**TASK ITEM**
The answer must restate the listing word for word, without its images.

**INPUT**
◇ ◇ ◇
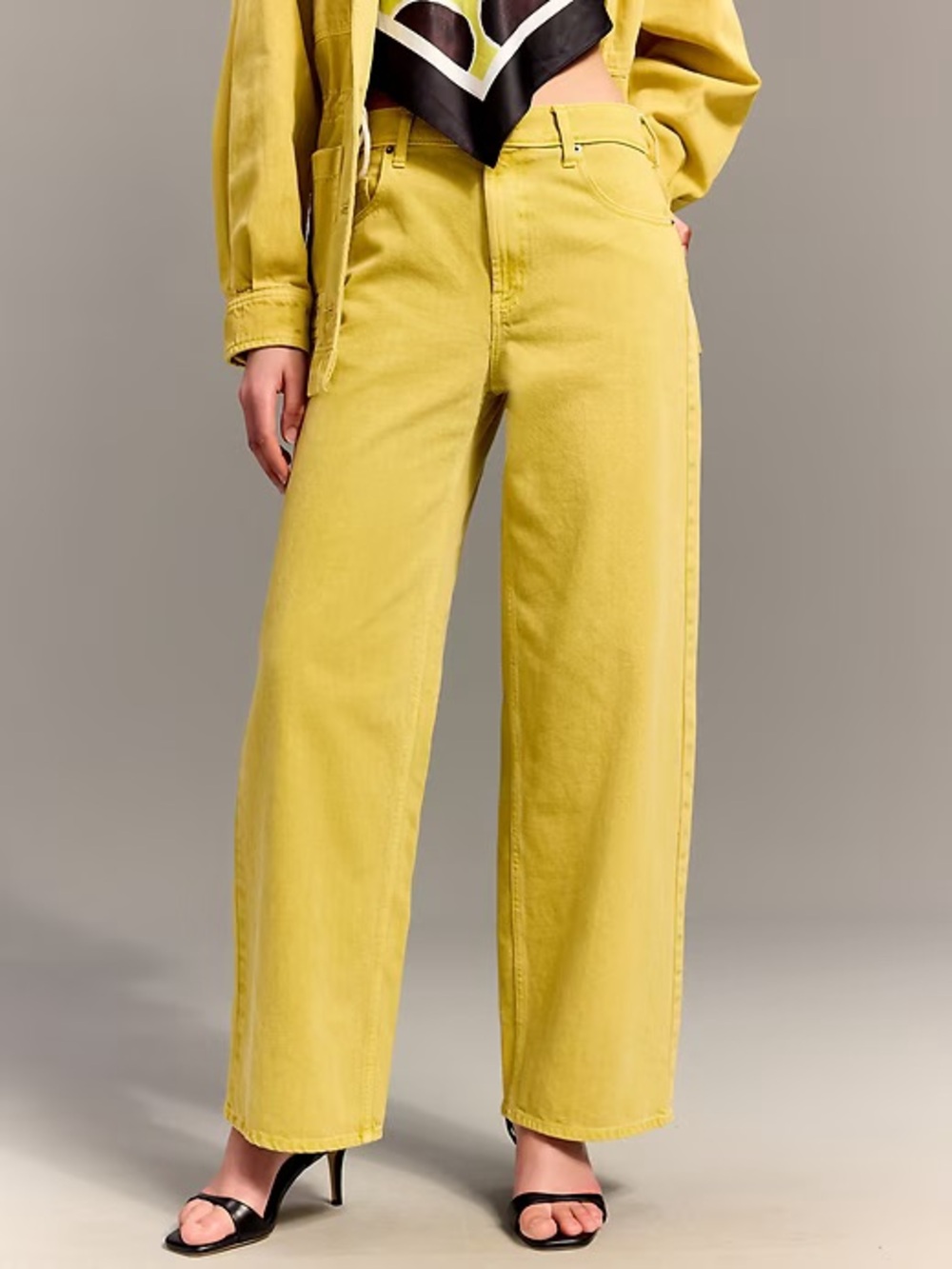 Old Navy x Christopher John Rogers Mid-Rise Yellow Baggy Wide-Leg Jeans Size 0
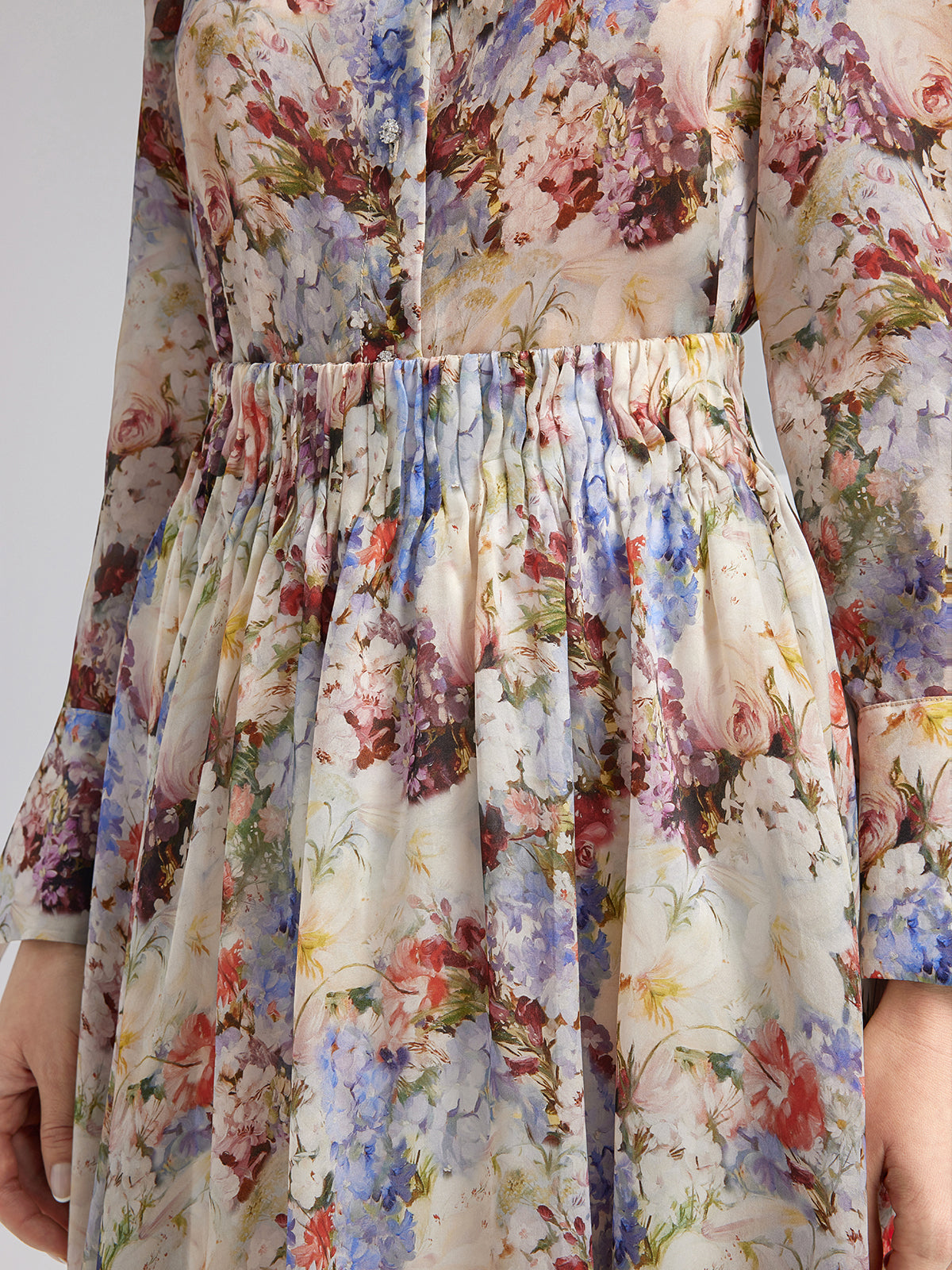 Silk Organza Baroque Print Skirt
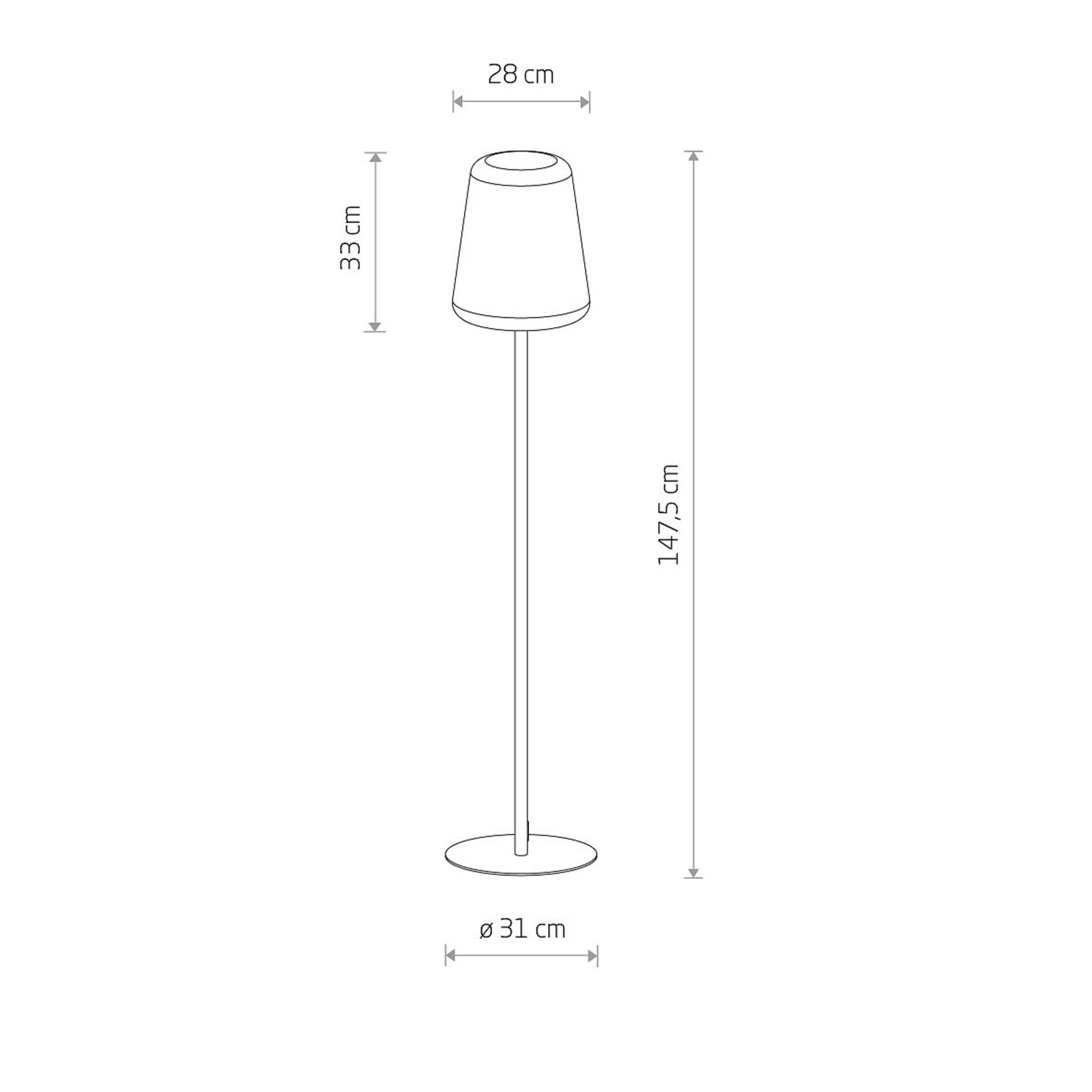 Lámpara de pie Patio, IP44, grafito/blanco, altura 148 cm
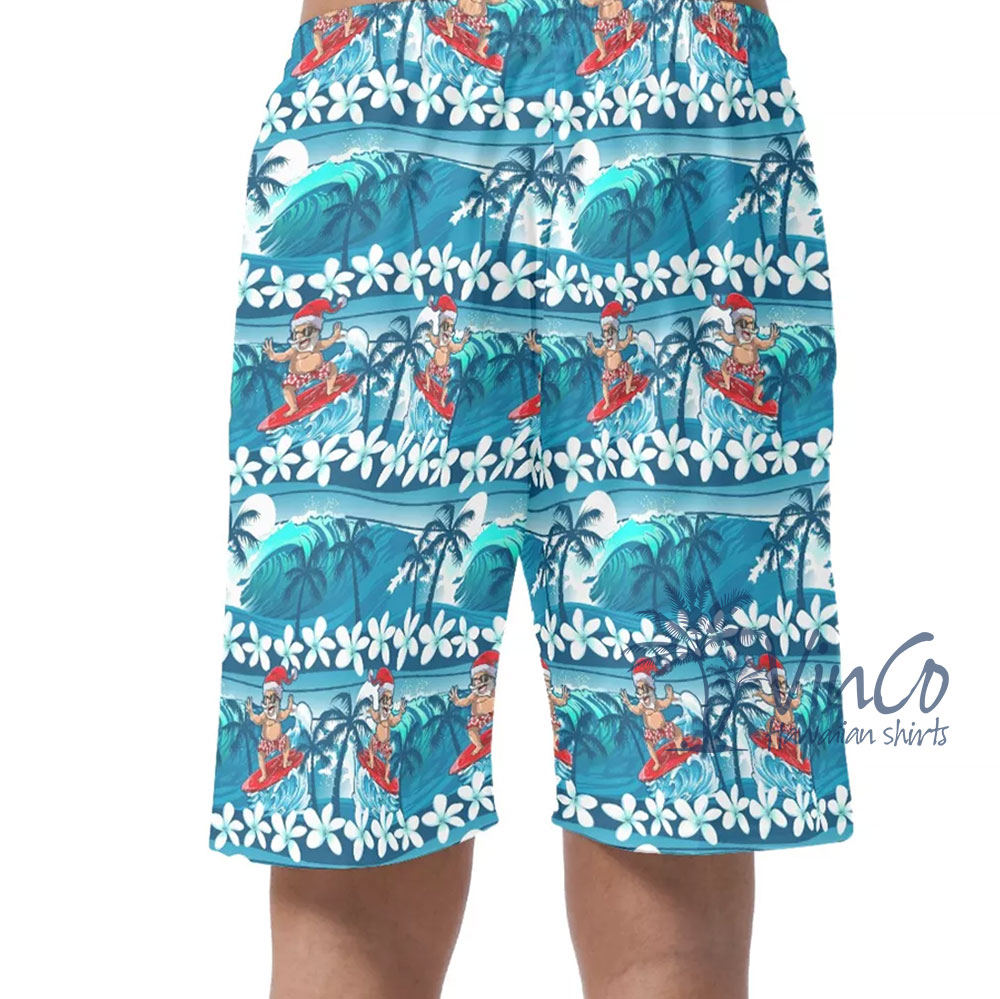 Santa Surfing Wave Blue Hawaiian Shirt For Men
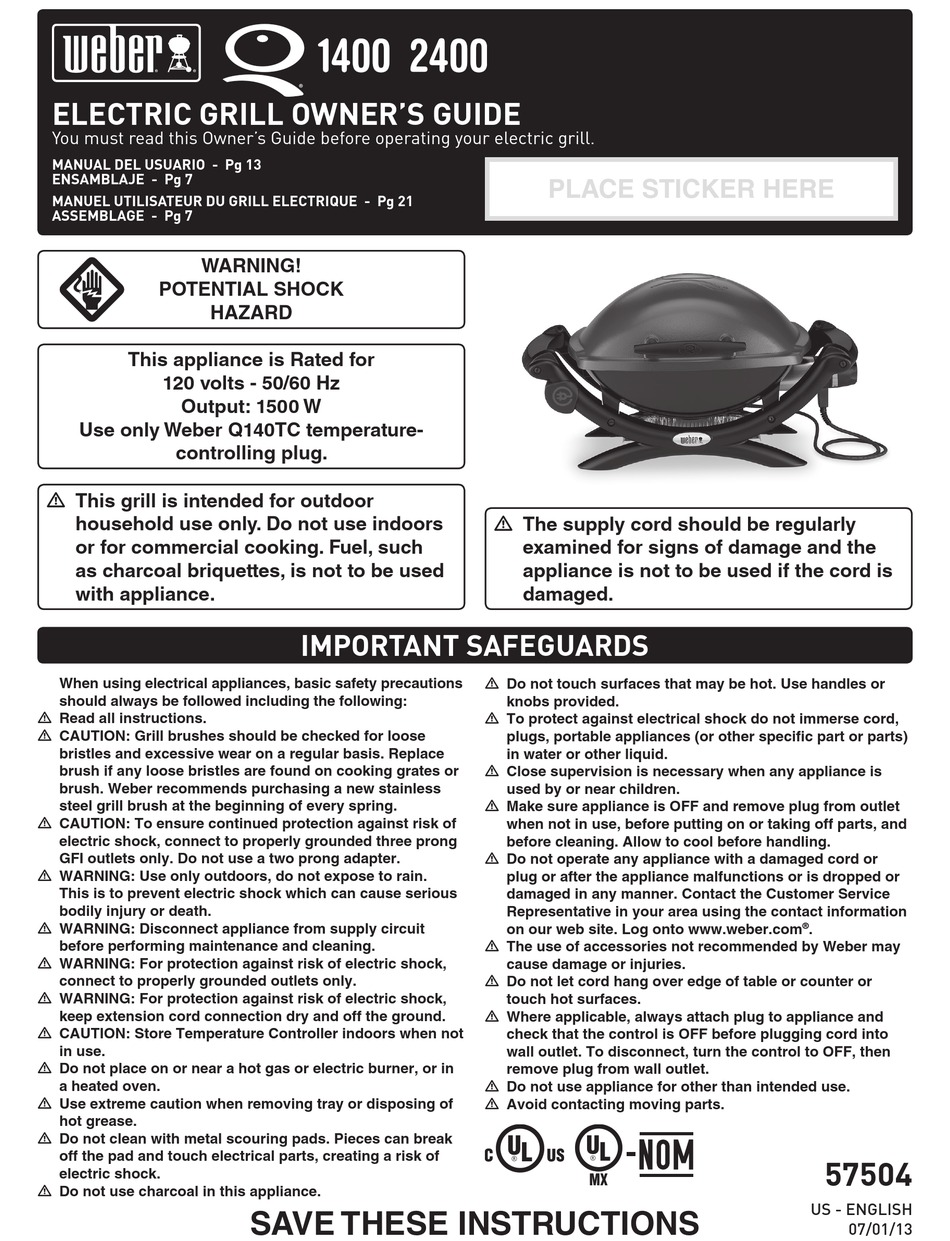WEBER ELECTRIC GRILL OWNER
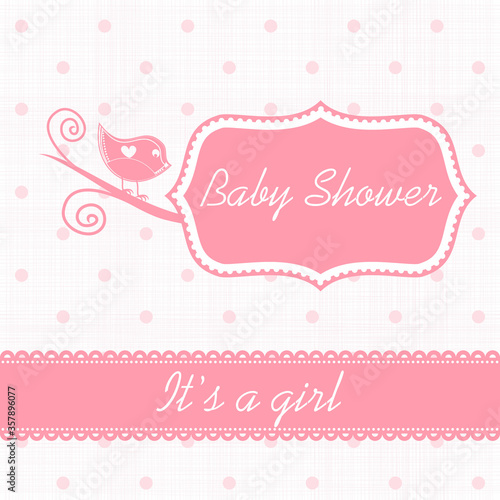 Vector watercolor pink sticker set It's a girl. Calligraphy lettering Baby shower. element for invitation design. Editable template for a birthday card with polka dot pattern. 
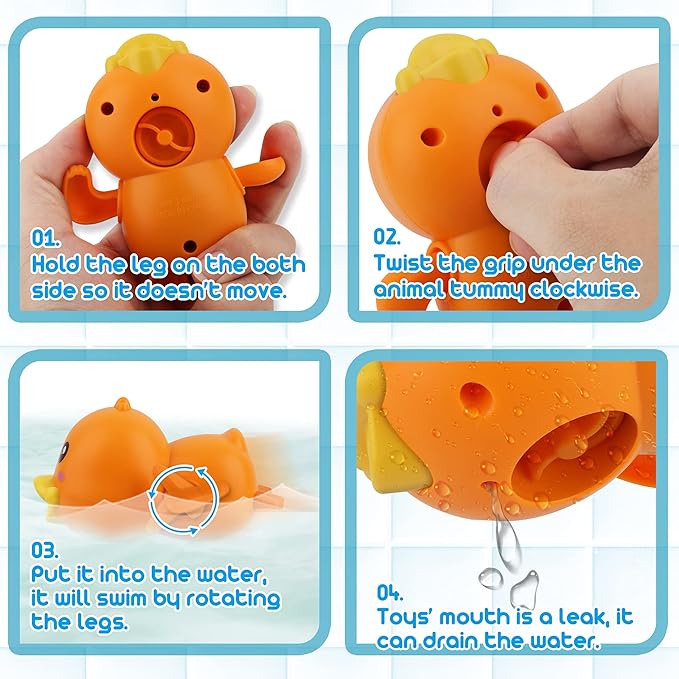 Dwi Dowellin Bath Toys for Toddlers, Magnetic Fishing Games Kids Bathtub Toys - Image 5
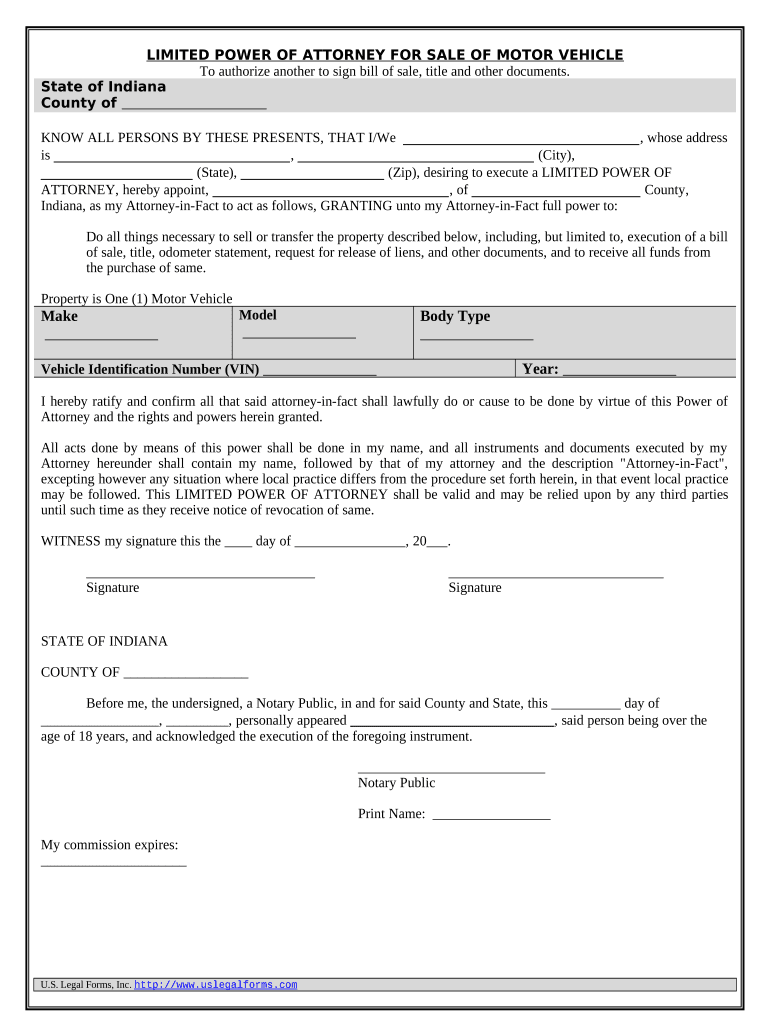 Indiana Sale Vehicle  Form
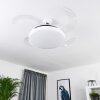 Bendigo Ventilador de techo LED Cromo, Transparente, claro, Blanca, 1 luz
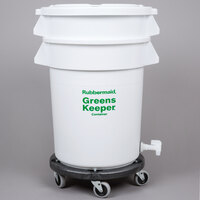 Rubbermaid FG262400WHT BRUTE GreensKeeper 20 Gallon Vegetable Crisper Container with Lid and Dolly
◇ ◇ ◇
**ANSWER AREA**
 Old Navy x Christopher John Rogers Mid-Rise Yellow Baggy Wide-Leg Jeans Size 0
 Silk Organza Baroque Print Skirt
 Lámpara de pie Patio, IP44, grafito/blanco, altura 148 cm
 Santa Surfing Wave Blue Hawaiian Shirt For Men
WEBER ELECTRIC GRILL OWNER
 Vector watercolor pink sticker set It's a girl. Calligraphy lettering Baby shower. element for invitation design. Editable template for a birthday card with polka dot pattern. 
 Dwi Dowellin Bath Toys for Toddlers, Magnetic Fishing Games Kids Bathtub Toys - Image 5
 Indiana Sale Vehicle  Form
 Bendigo Ventilador de techo LED Cromo, Transparente, claro, Blanca, 1 luz
 Rubbermaid FG262400WHT BRUTE GreensKeeper 20 Gallon Vegetable Crisper Container with Lid and Dolly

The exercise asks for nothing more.